Okie, I am confused. What is the difference between Variance of Sampling Distribution VS Sample Variance?

Let me take a shot first...

1.) Sample Variance is just the variance of the sample, like u have 5 objects from a pool of 1000 objects... the sample variance is just the variance of the 5 objects itself, it has nothing to do with the rest of the objects.

2.) Variance of the Sampling Distribution, (Population Variance)/n is variance of the number of samples? You have 1000 objects... 20 samples of 50 objects each... so it is the variance for the 20 samples? And the sampling distribution variance of the 20 samples are all the same. Which means n is the number of samples, not the number of objects in a single or the entire population?

In other words, in terms of maths problem(Not real life), it is usually impossible to compute the Variancce of Sampling Distribution of a very large number, unless you are provided with the Population Variance and number of Sample Distributions?

 

[Office_Shredder]

This is pretty old, but in case anyone stumbles on it and is confused - sample variancei think is described correctly.

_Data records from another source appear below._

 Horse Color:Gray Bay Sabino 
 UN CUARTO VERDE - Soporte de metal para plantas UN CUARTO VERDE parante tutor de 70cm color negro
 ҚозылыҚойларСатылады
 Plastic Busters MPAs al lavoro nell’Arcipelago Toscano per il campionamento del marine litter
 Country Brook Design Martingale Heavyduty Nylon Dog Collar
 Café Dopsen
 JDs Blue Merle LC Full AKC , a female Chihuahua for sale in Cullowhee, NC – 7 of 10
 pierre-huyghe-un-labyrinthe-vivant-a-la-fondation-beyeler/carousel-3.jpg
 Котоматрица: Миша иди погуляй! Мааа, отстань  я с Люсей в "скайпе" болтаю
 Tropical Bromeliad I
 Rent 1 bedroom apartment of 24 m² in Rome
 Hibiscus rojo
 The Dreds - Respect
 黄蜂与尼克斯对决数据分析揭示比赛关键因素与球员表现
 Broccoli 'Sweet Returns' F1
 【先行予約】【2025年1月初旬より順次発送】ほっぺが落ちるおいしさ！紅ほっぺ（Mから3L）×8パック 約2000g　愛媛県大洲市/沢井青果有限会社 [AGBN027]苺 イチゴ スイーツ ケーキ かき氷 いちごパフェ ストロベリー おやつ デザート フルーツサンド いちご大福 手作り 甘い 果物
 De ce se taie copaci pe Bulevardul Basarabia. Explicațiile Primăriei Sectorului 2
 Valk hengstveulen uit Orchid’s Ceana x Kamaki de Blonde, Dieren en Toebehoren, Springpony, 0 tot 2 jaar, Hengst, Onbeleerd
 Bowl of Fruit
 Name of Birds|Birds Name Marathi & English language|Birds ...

the terminology is a bit inconsistent between different sources, but variance of the sample distribution probably means the same thing as this:

https://mathworld.wolfram.com/SampleVarianceDistribution.html

And it is, if you just repeatedly sample (independently), how much variance is there in the statistic you are measuring (in the wolfram link it's variance, but you could probably ask about the variance of the sample distribution for other statistics). This is similar to the procedure described in the OP, but this definition does not depend on splitting up a finite sample space into disjoint sets.

 

[WWGD]

Actually, in my experience, the variance of a RV is called the Standard Error S.E, and Variance is used/reserved for the population parameter. otherwise, I believe the two terms you used are different names for the same thing.